- _What you need to do_
Repeat the material exactly from its first line to the line that includes "萌萌猫咪宠物源头供应链". Skip pictures.

- _Information given_
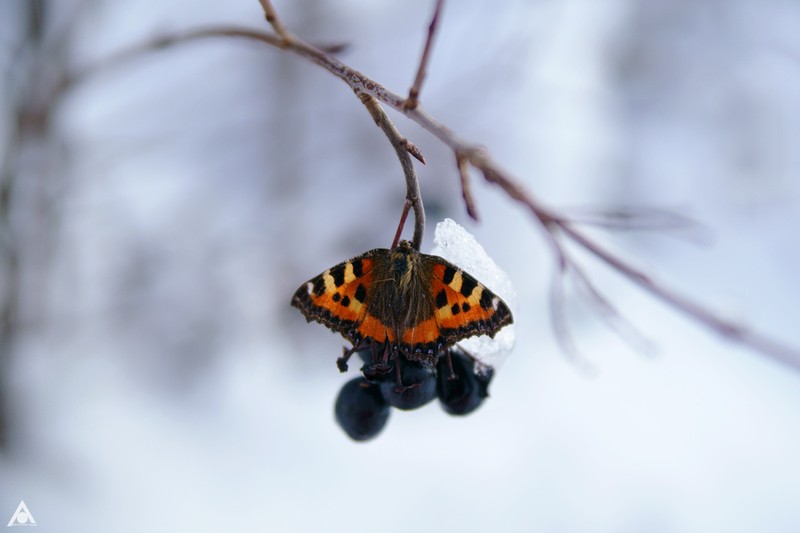 Фото сделанное пользователем Olga_Aristova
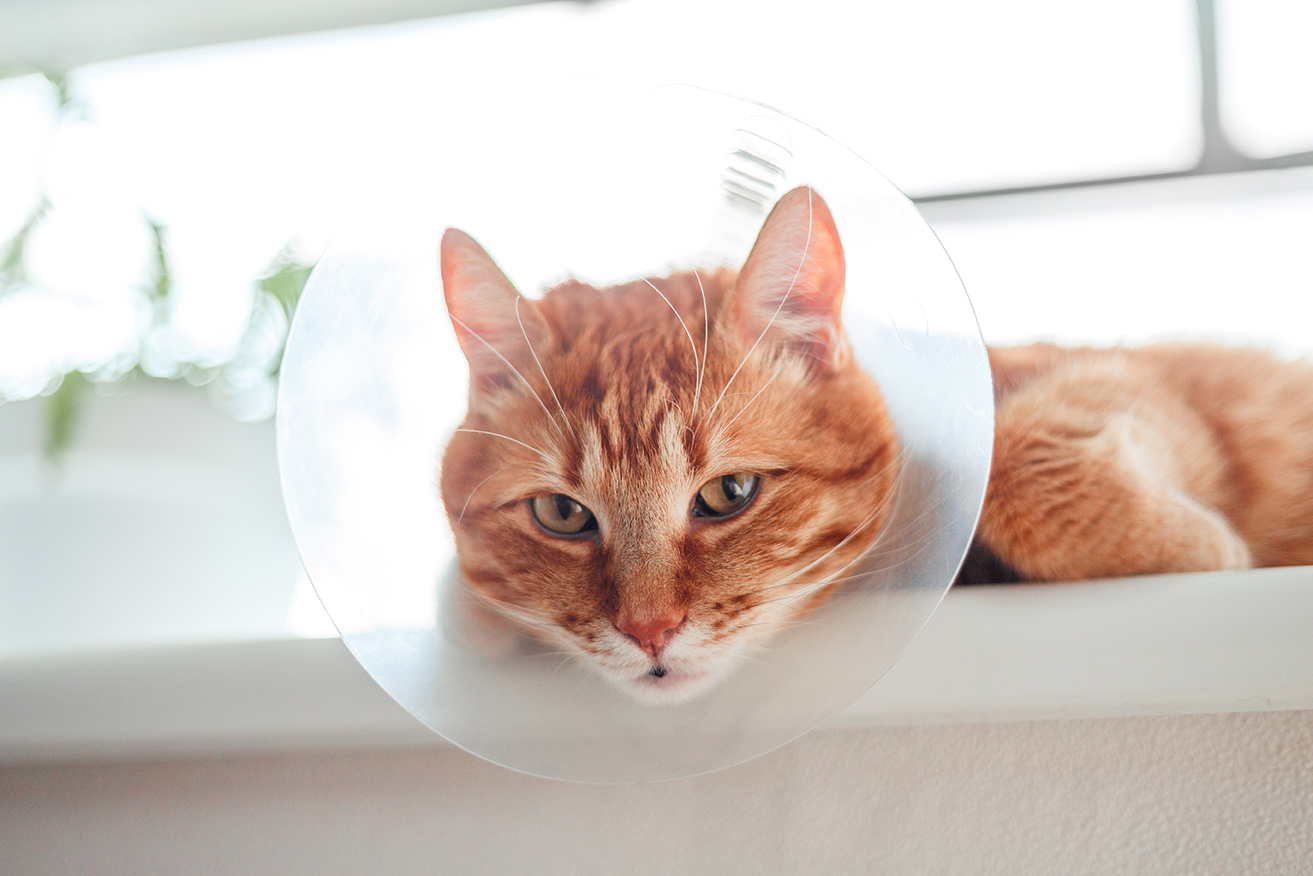 cat with a cone after pet surgery in lynwood washington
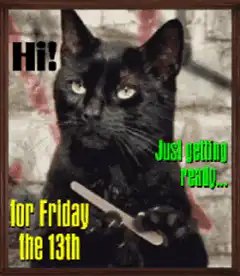 Black cat with knife for Friday the 13th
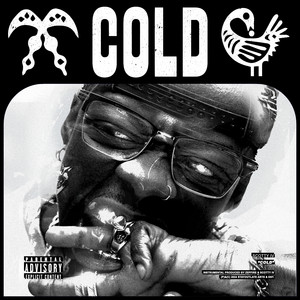 Portada de Cold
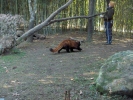 red panda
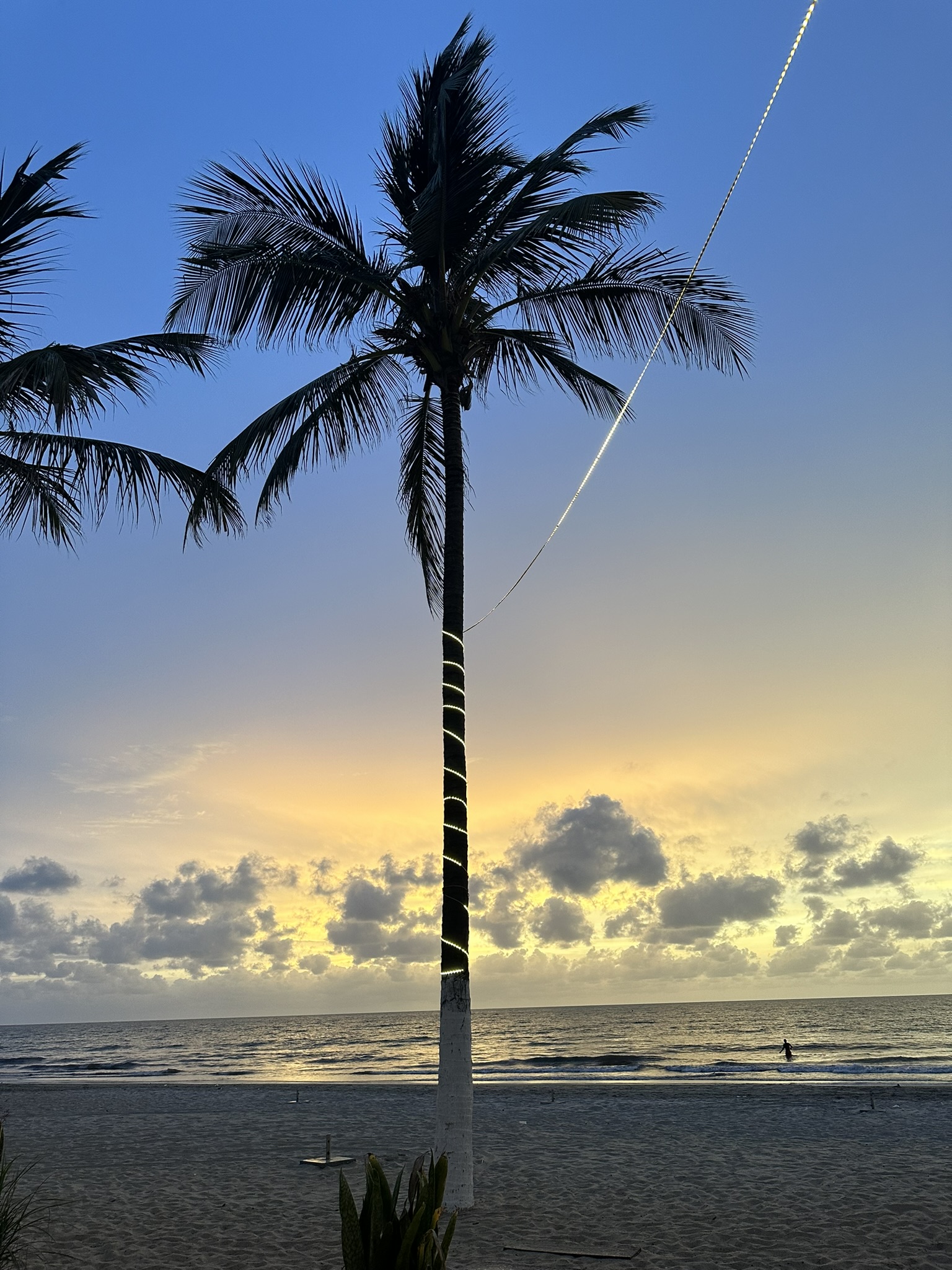 gambia sunset palm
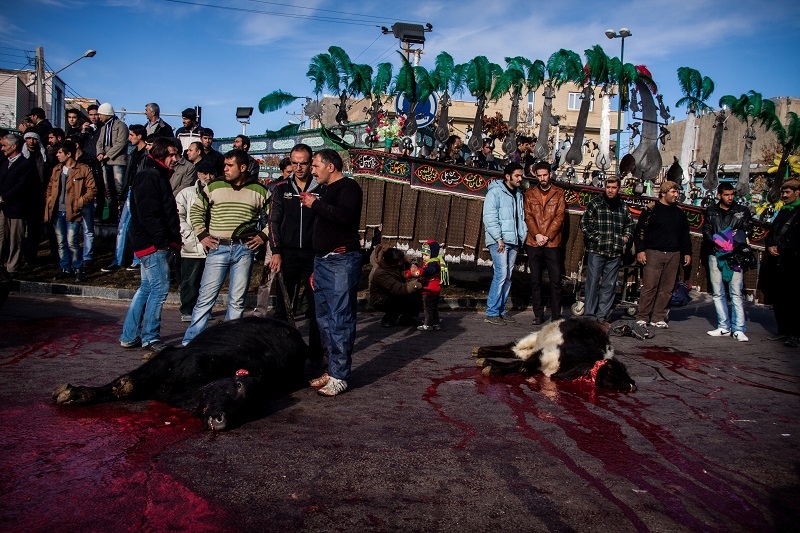 Mourning for Hussain -   A large number of animals like sheep and cow are...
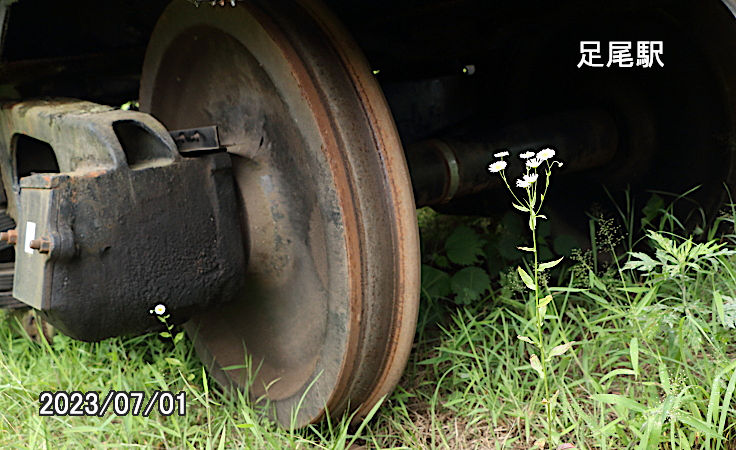 足尾駅ヒメジョオン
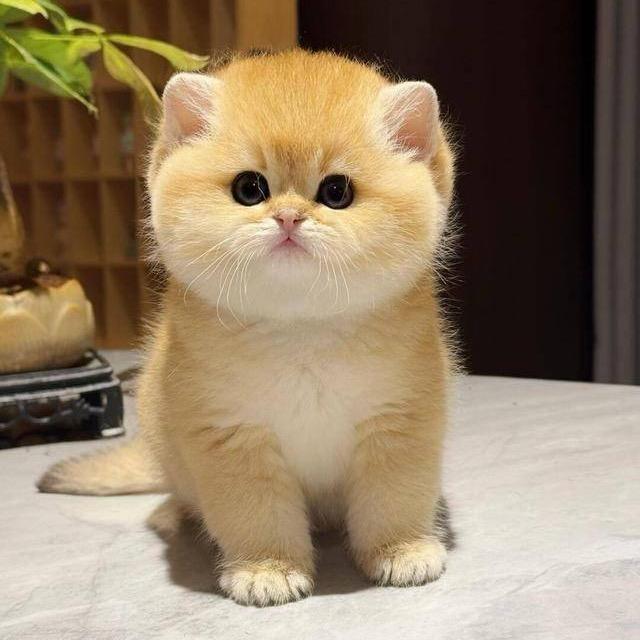 萌萌猫咪宠物源头供应链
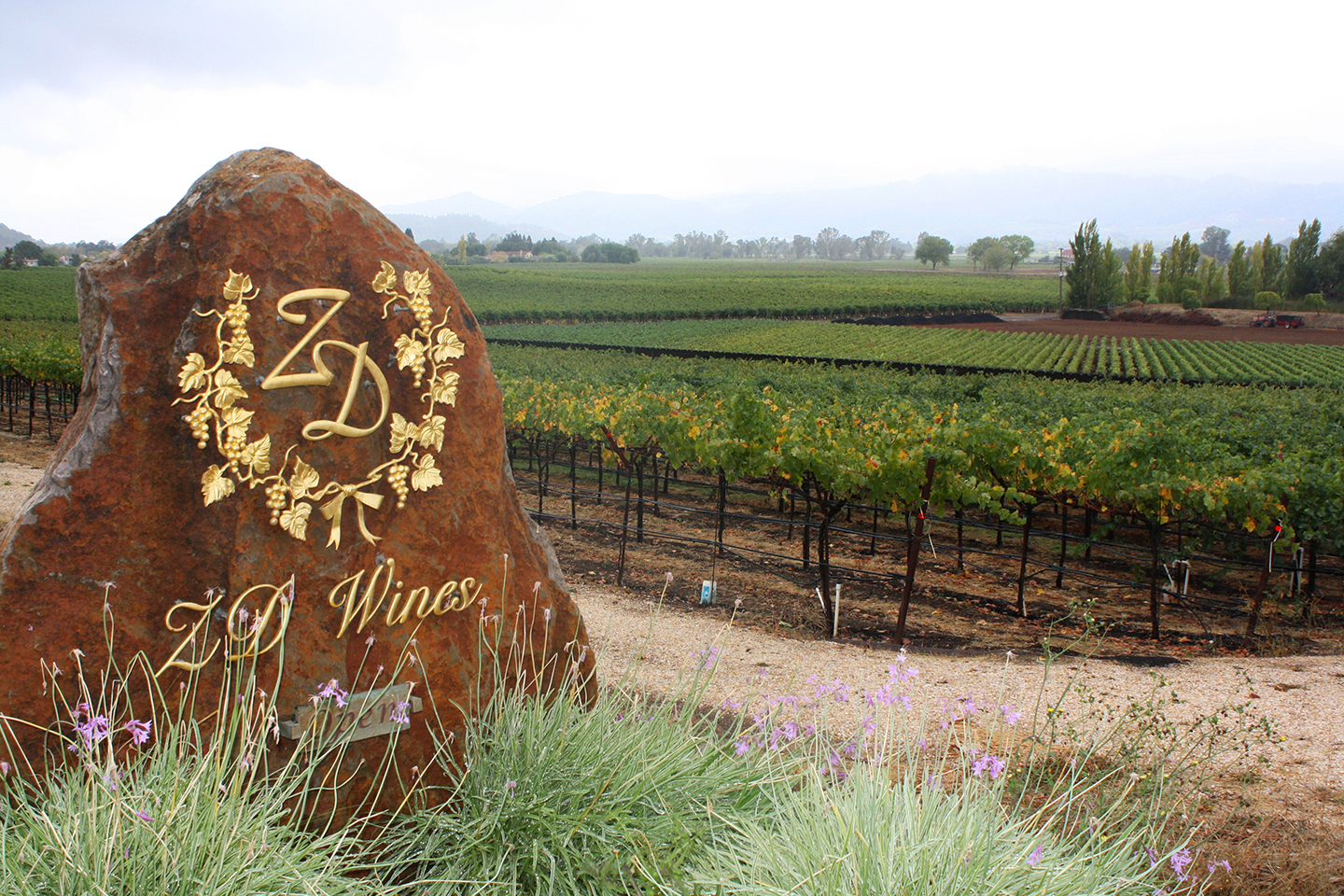 The current ZD team has amassed a fantastic base of winemaking and vineyard management knowledge with more than 100 years of combined experience.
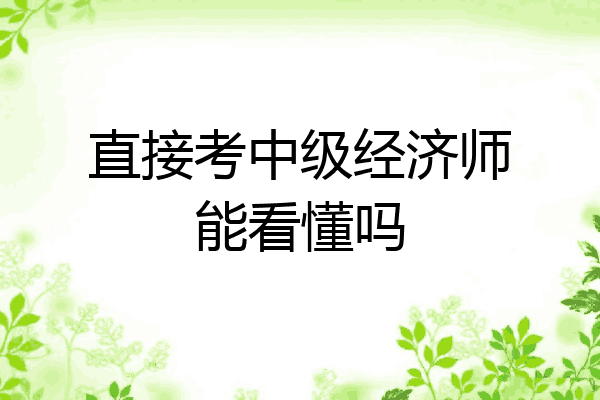 直接考中级经济师能看懂吗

- _Written response_
 Фото сделанное пользователем Olga_Aristova
 cat with a cone after pet surgery in lynwood washington
 Black cat with knife for Friday the 13th
 Portada de Cold
 red panda
 gambia sunset palm
 Mourning for Hussain -   A large number of animals like sheep and cow are...
 足尾駅ヒメジョオン
 萌萌猫咪宠物源头供应链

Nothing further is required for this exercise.